June 2026
Tools for Better Future in the Age of AI
After reading Yuval Noah Harari’s books: Homo Sapiens, Homo Deus, 21 Lessons for the 21st Century, and Nexus

What makes us unique?
What is a human being? What makes us so special? What does humanity mean?
These are questions I have had since I was young. My teachers used to say that “the ability to use tools” is what distinguishes humans from other animals. Some said humans are the only creature intelligent enough to create language systems. Others claimed that only humans can think deeply enough to take their own lives.
Since then, all of these claims have been challenged. Many animals can use tools, have their own communication system, and even exhibit self-destructive behaviour. Then what makes us unique?
This year, I finished reading all 4 of Yuval Noah Harari’s major books, and I finally found an answer that resonated with me.
His answer was simple: the ability to believe in shared fiction.
All human beings are storytellers. We create story, believe, and spread it. This becomes a foundation of large-scale cooperation. To bring people together, a shared story is essential. Stories such as religion, brand, ideologies. Depending on the story people choose to believe, they may commit genocide or carry out a suicide attacks. Yet they may also build a whole civilization and rescue strangers.
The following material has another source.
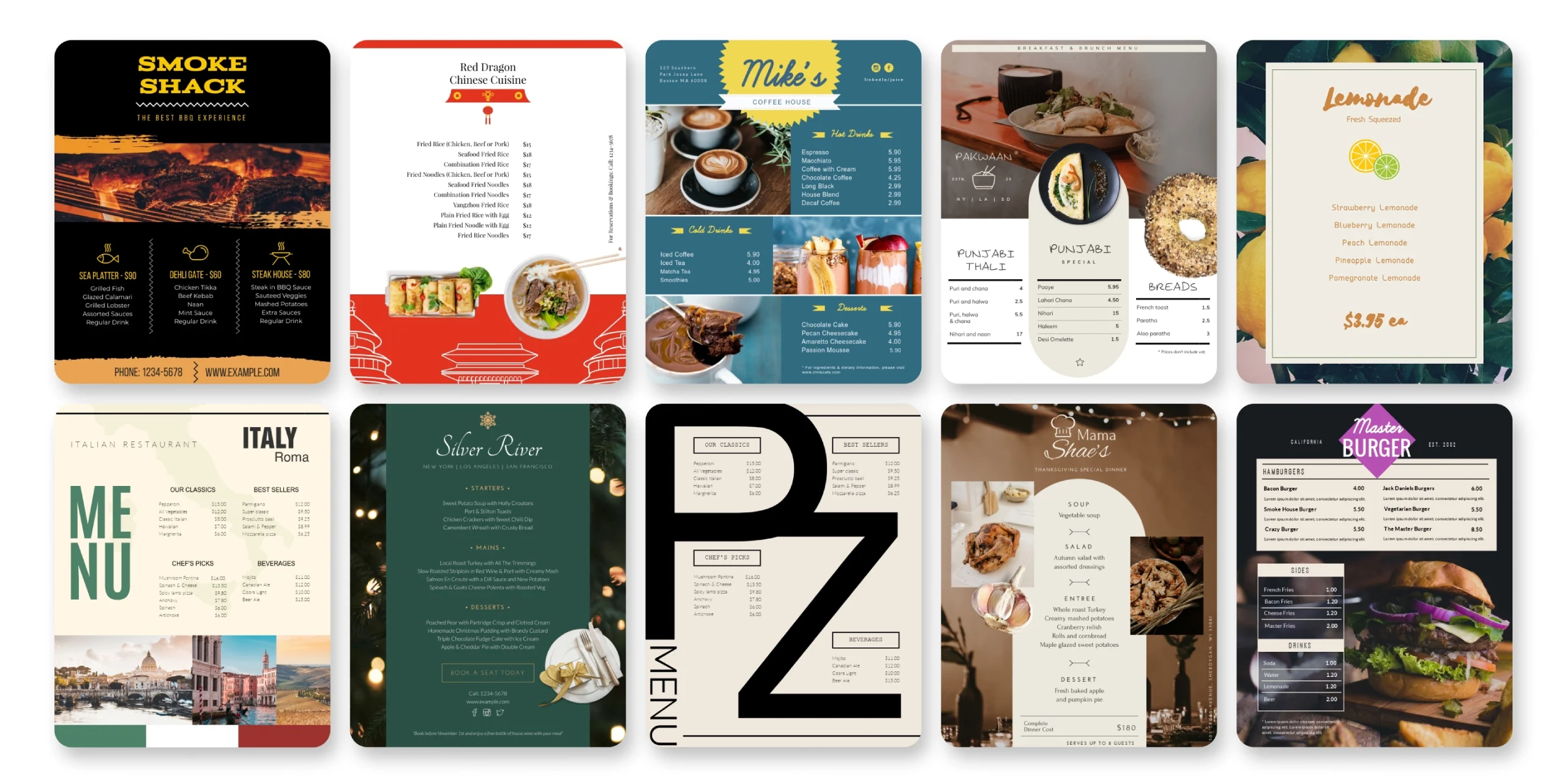 Menu tiệc cưới infographic hiện đại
Now, we are about to encounter the first intelligence potentially greater than our own - AI. What are our strengths compared to AI? Why should AI protect Homo sapiens? What should we do to prevent AI from destroying human civilization, or from destroying the environment for human.
Intersubjective Reality
Before looking for answers, we should understand intersubjective realities first. An apple is an objective reality. It exists regardless of what we think about it. Love is a subjective reality. It exists within our mind. There’s a third category: intersubjective reality. Countries, money, companies belong to this category. They exist because billions of people collectively agree that they exist. If people stop believing in them, they can’t exist. Countries collapse, companies fail, and currencies lose value when they loose credibility. There’s another popular intersubjective entity that people forget overlook. Humanism.
People tend to think that human beings are rational individuals with logical free will. No, we are not. We are more stupid than we think, we make surprisingly random decisions, and free will is actually a fiction. That is why it’s so easy for algorithms to manipulate us. People consume what algorithms recommend and vote for parties that algorithms expose. AI is often better when it comes to making logical decisions. If that is true, how can we keep insisting humans should be the ones who vote, consume, and rule the world?
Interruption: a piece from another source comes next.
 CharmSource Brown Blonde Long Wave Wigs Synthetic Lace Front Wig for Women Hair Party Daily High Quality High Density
Another common misunderstanding is the belief that AI is infallible. AI works 24 hours, knows vast amounts of knowledge, and provides the most effective answer. We already know something that had the same power: God. People easily make mistakes considering AI as a new god. They ask everything to AI, receive answers, and never doubt its holly answers. However, there’s so many evidence that AI makes countless errors and carries significant biases. Even worse, it’s often difficult to recognize when AI is wrong due to its incomprehensibility. That’s why AI will always require an intentional bottleneck: a human supervisor.
3 Tools for the Better Future
We are flawed. AI is imperfect. Then what should we do?
Well, there’s no single perfect answer, but we can think of few tools that may help us move in a better direction.
The first one is a self-correcting mechanism. Democracy has outperformed totalitarianism because of its ability to admit its mistakes. When something goes wrong, democratic society can reflect, adapt, and improve. Science can be another example. It openly accepts the possibility of being wrong and repeatedly tests its own assumptions. Whatever changes lies ahead, we should embed self-correcting mechanisms into our political, economic, social structures.
Second tool is resilience. In the age of AI, change will accelerate to a pace that no one could keep up with. We will experience countless failures - if our self-correcting mechanism is working properly. Therefore, we should strengthen the ability to recover and try again for the better answer.
Last but not least, cooperation. The challenges we are facing are not individual problems. They are global issues. We must address them together, deal with them together, and solve them together. After all, large-scale cooperation is Homo sapiens’s greatest strength.
In Conclusion
Today, We are in a moment that requires unprecedented level of cooperation. That means we may need a new story that covers the entire world. I don’t know what that story should be. It could be a new ideology, a new religion, or perhaps, even Dataism. Whatever it is, it should encourage healthy conversations and collaboration rather than hatred and war. Additionally, I wish this new story will extend beyond humanity and include nature itself.
The only constant is change. We still have power to shape the future, which means we are also responsible for it. I hope we can play a deeply human game once again, based on global teamwork.